(Brief descriptive captions)
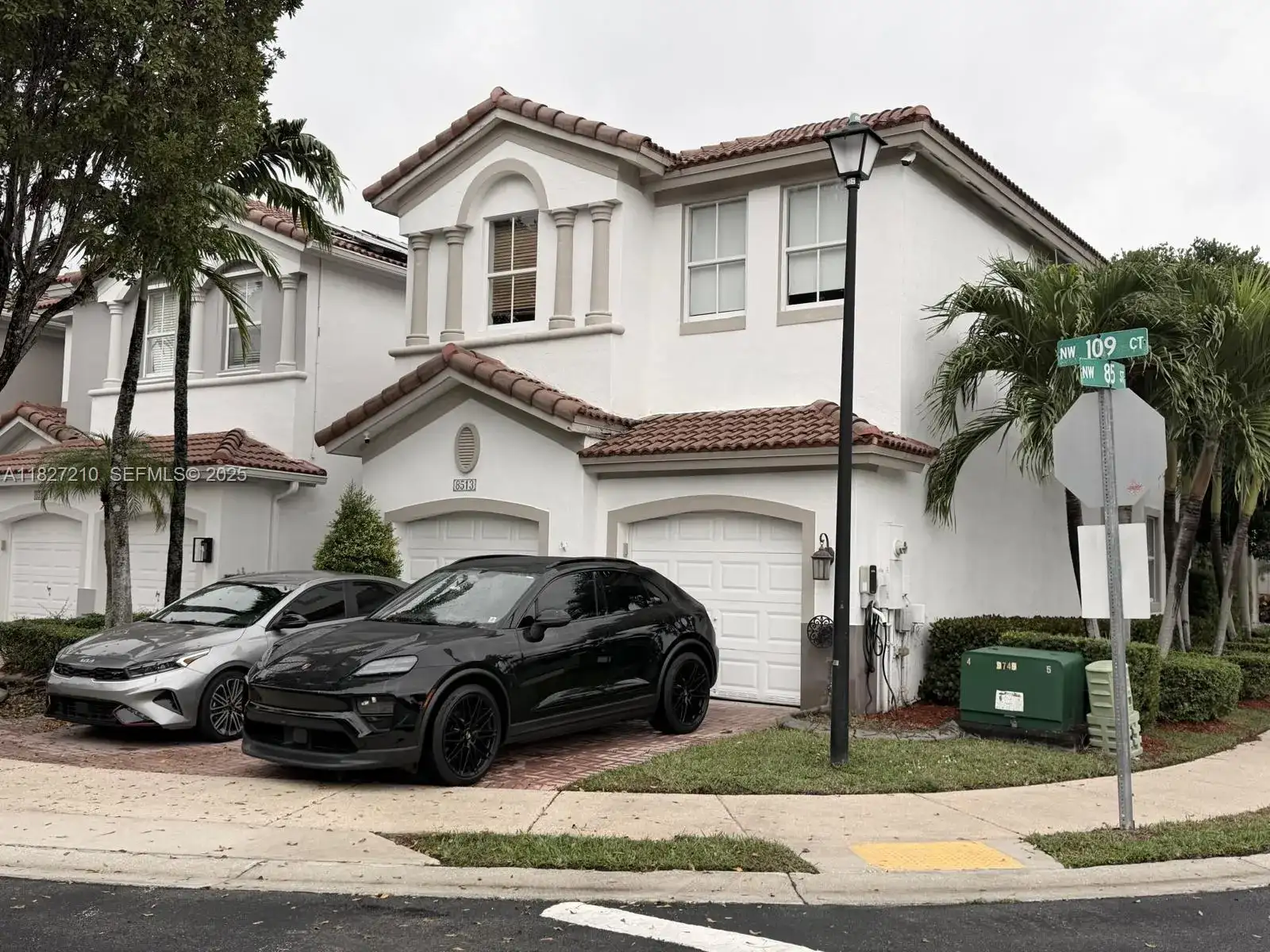 8513 NW 109th Ct, Doral FL 33178 photo 3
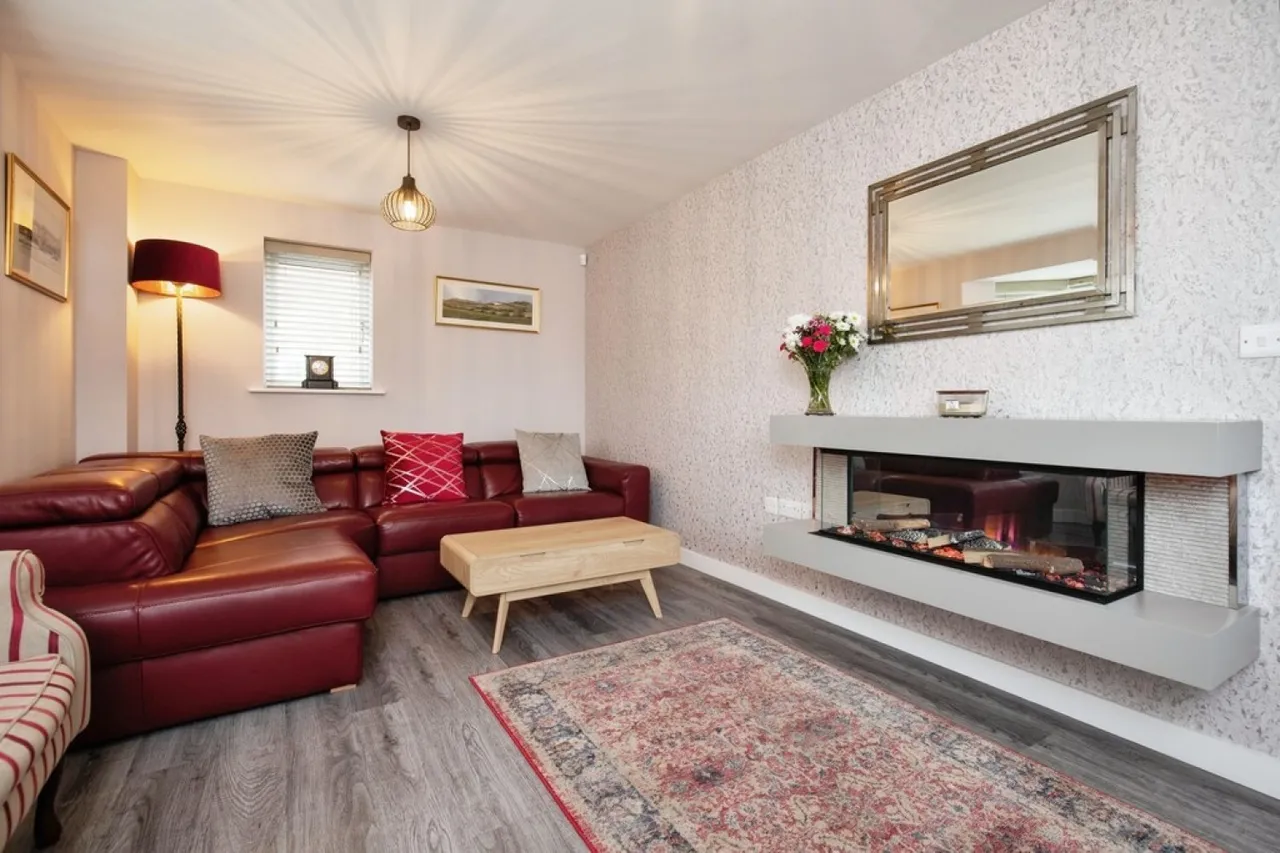 Ayrton Drive, Castle Donington, photo 7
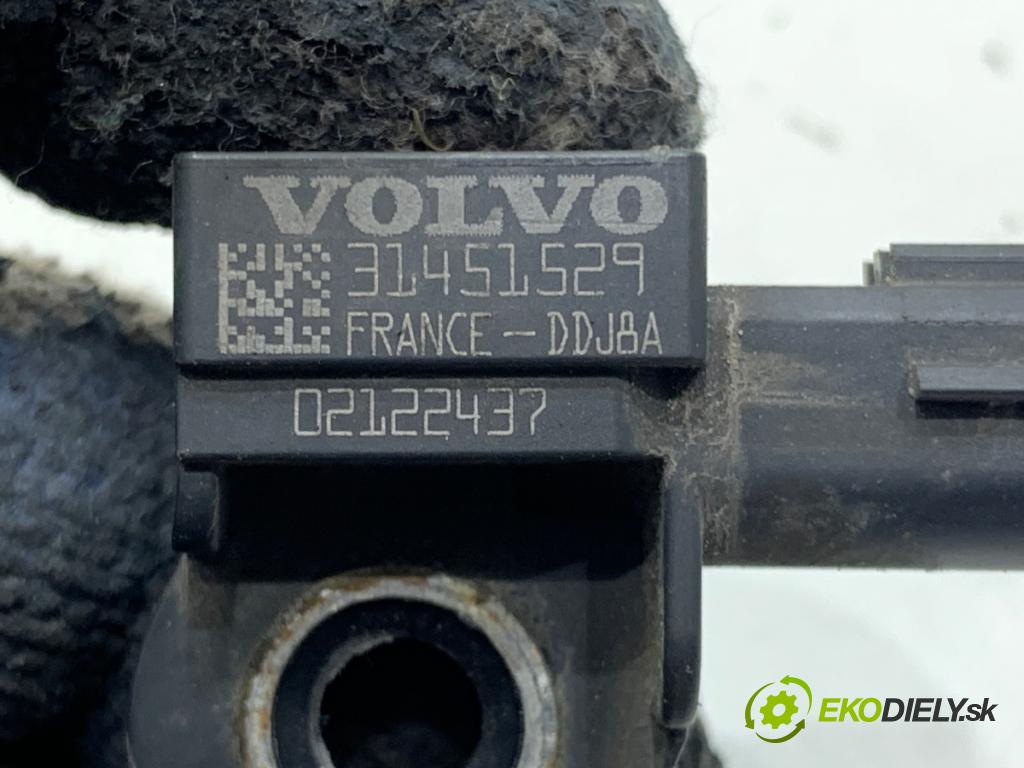 VOLVO V90 II Kombi 2018 110 kW D3 1969 Snímač nárazu 31451529 (Snímač nárazu)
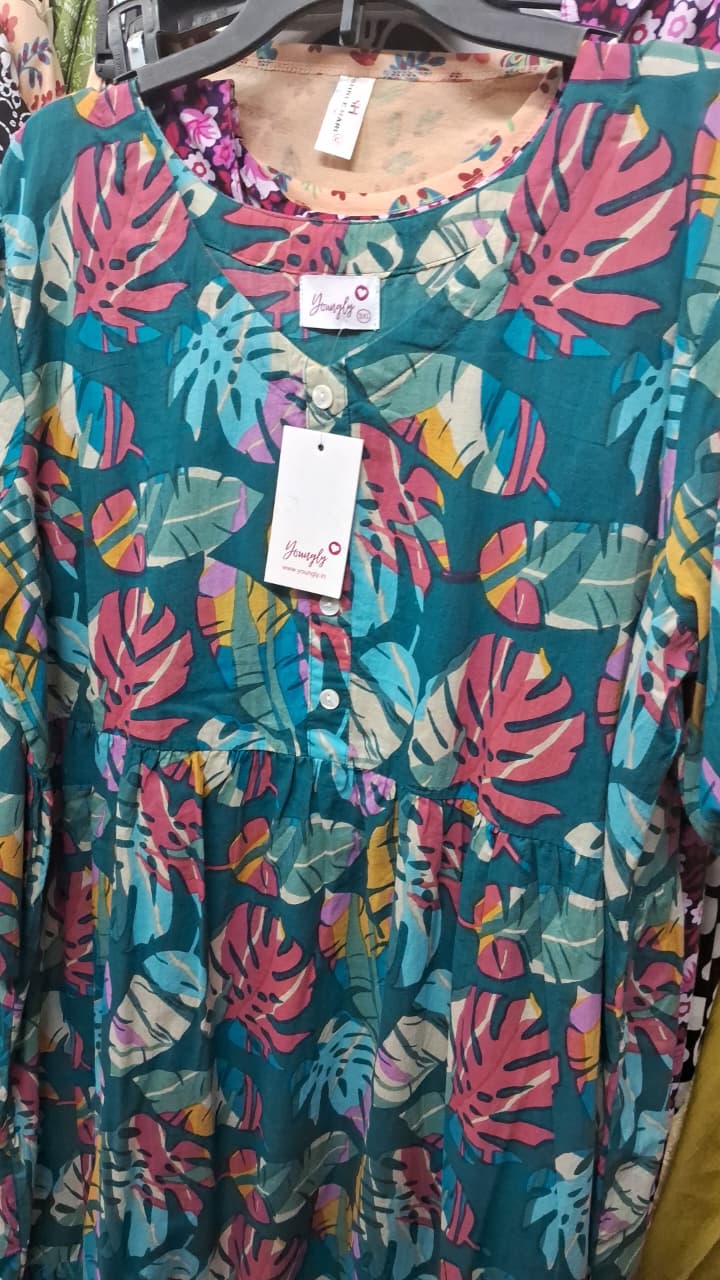 Youngly Women's Floral Printed Kurti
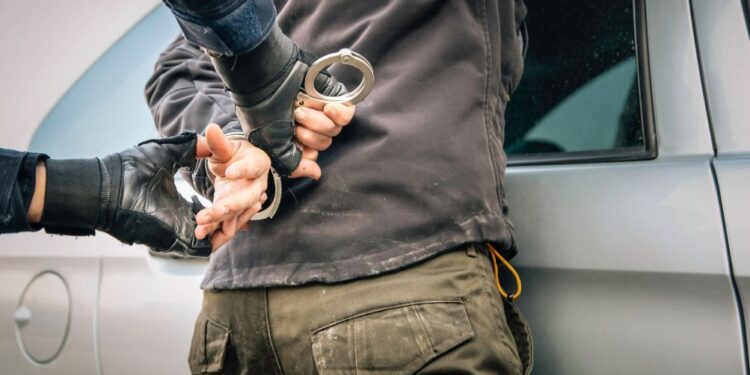 V Avstriji prijeli 18-letnika, ki je načrtoval napad na koncert Taylor Swift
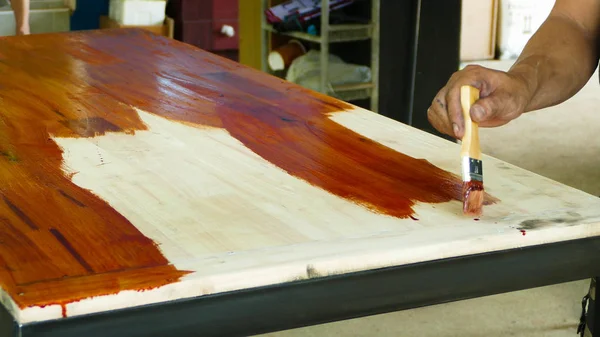 Pintura de madeira com um pincel — Fotografia de Stock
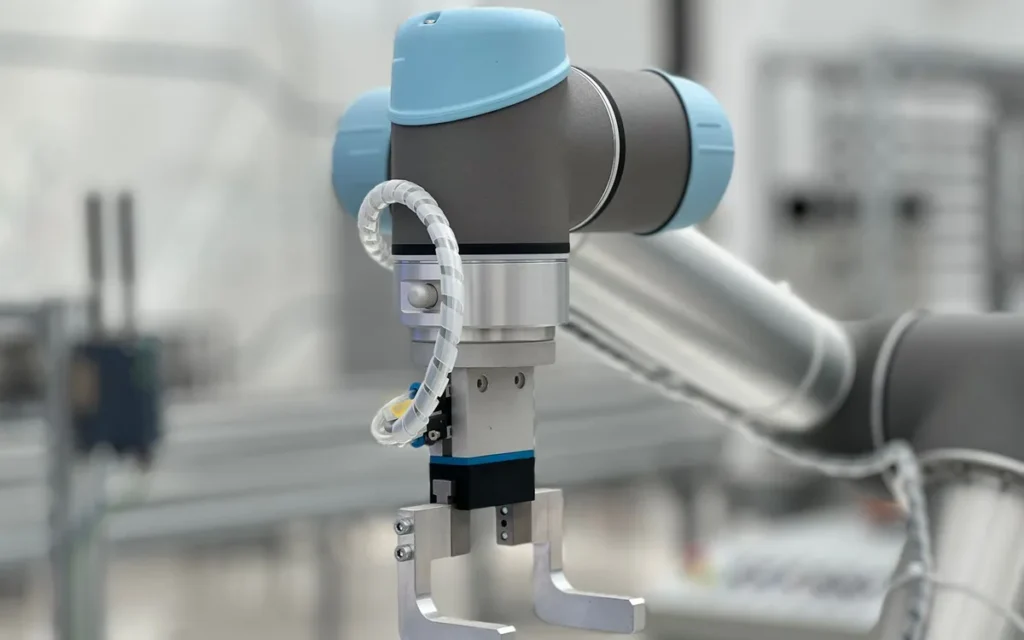 Automatyzacja a robotyzacja - jaka jest najważniejsza różnica?
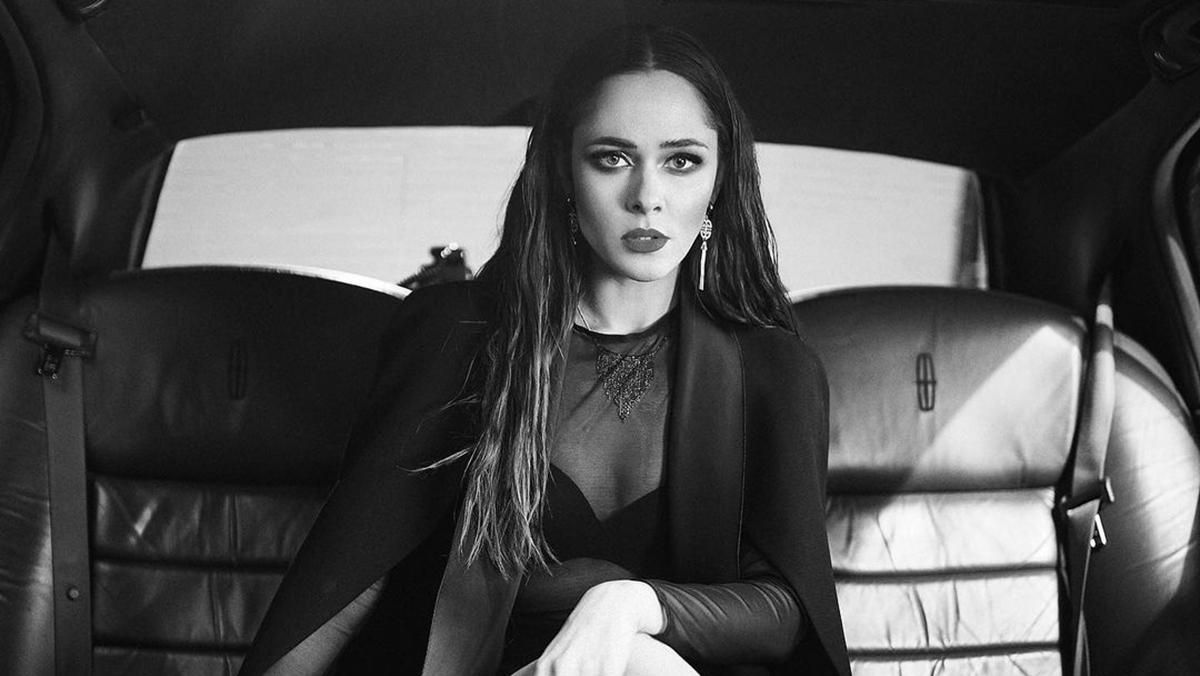 Юлія Саніна розповіла про райдер і найменший гонорар The Hardkiss Юлія Саніна розповіла про райдер і найменший гонорар The Hardkiss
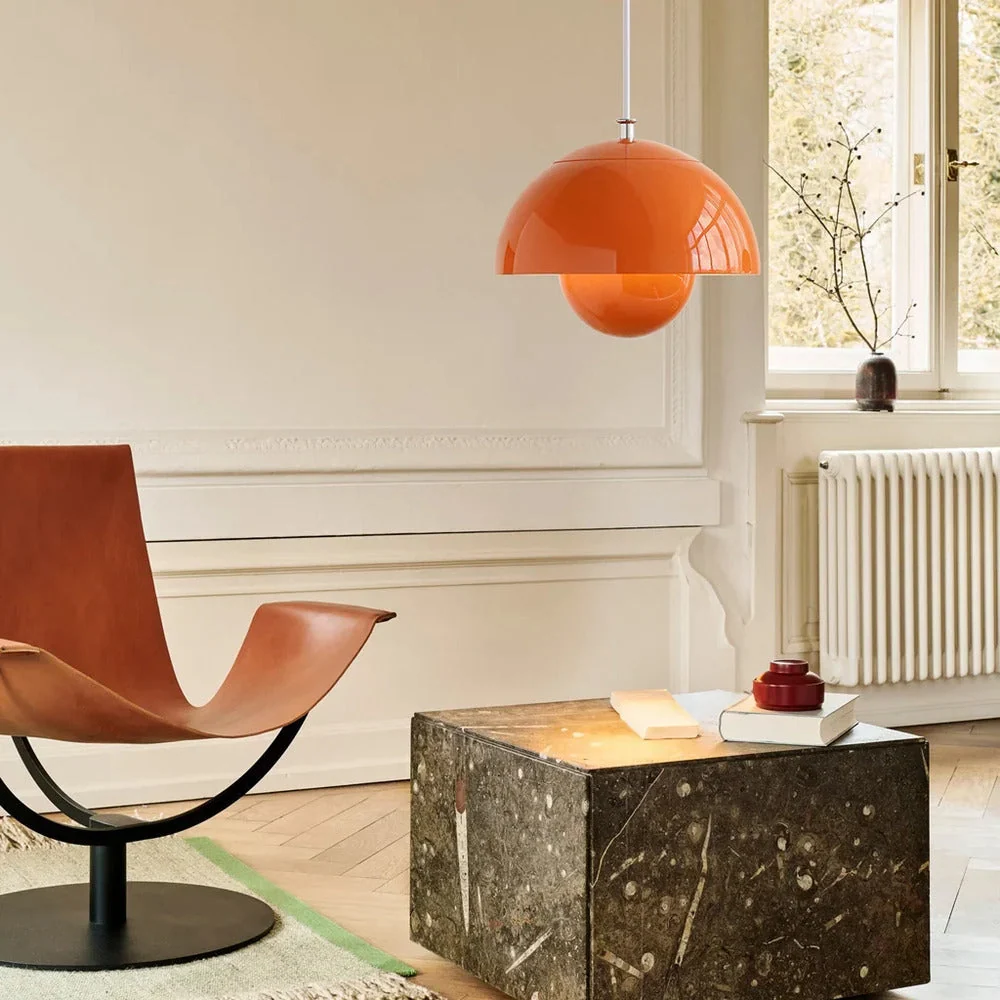 Floréal – Nordisk Metallpendellampa i Blomformad Retrodesign Orange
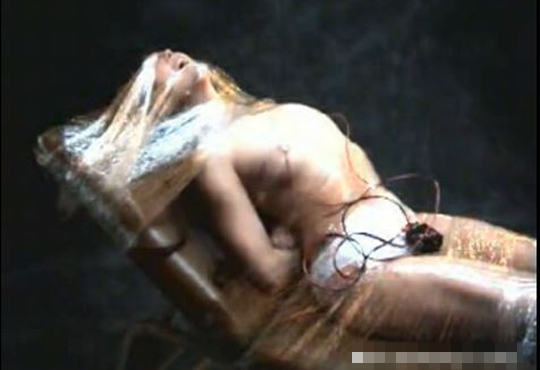【エロ拷問】金髪美女をラップで動きを封じ込めて、電流拷問　※グロ動画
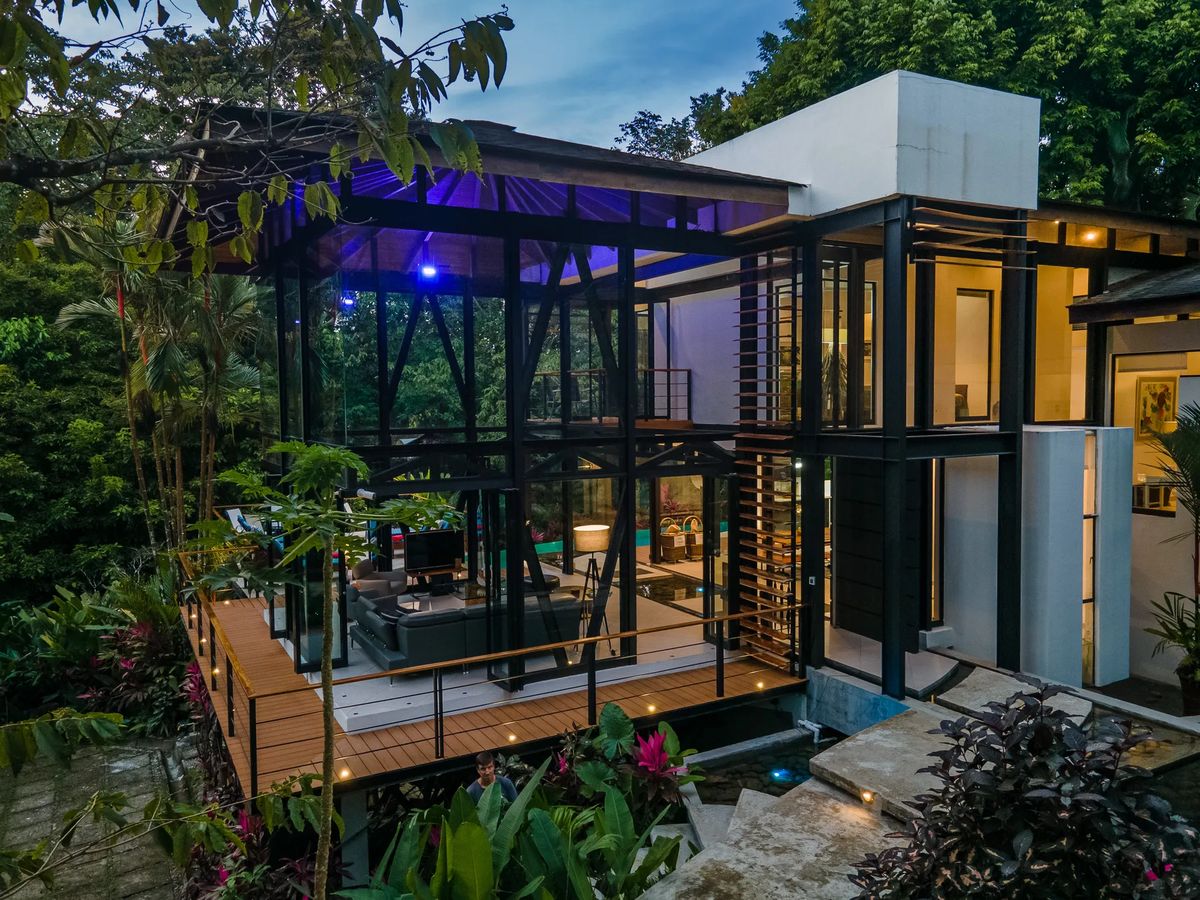 Villa Mariana (Full Estate)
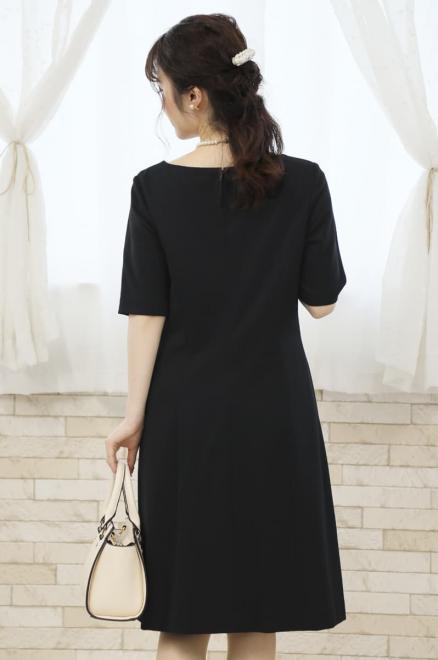 ネイビーのラウンドネックフレアスリーブセレモニースーツセット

* **PROBLEM REQUIREMENTS**
Quote precisely the lines of the data from the line containing "Villa Mariana (Full Estate)" through its final line, both included, excluding pictures.

* **YOUR RESPONSE**
 Villa Mariana (Full Estate)
 ネイビーのラウンドネックフレアスリーブセレモニースーツセット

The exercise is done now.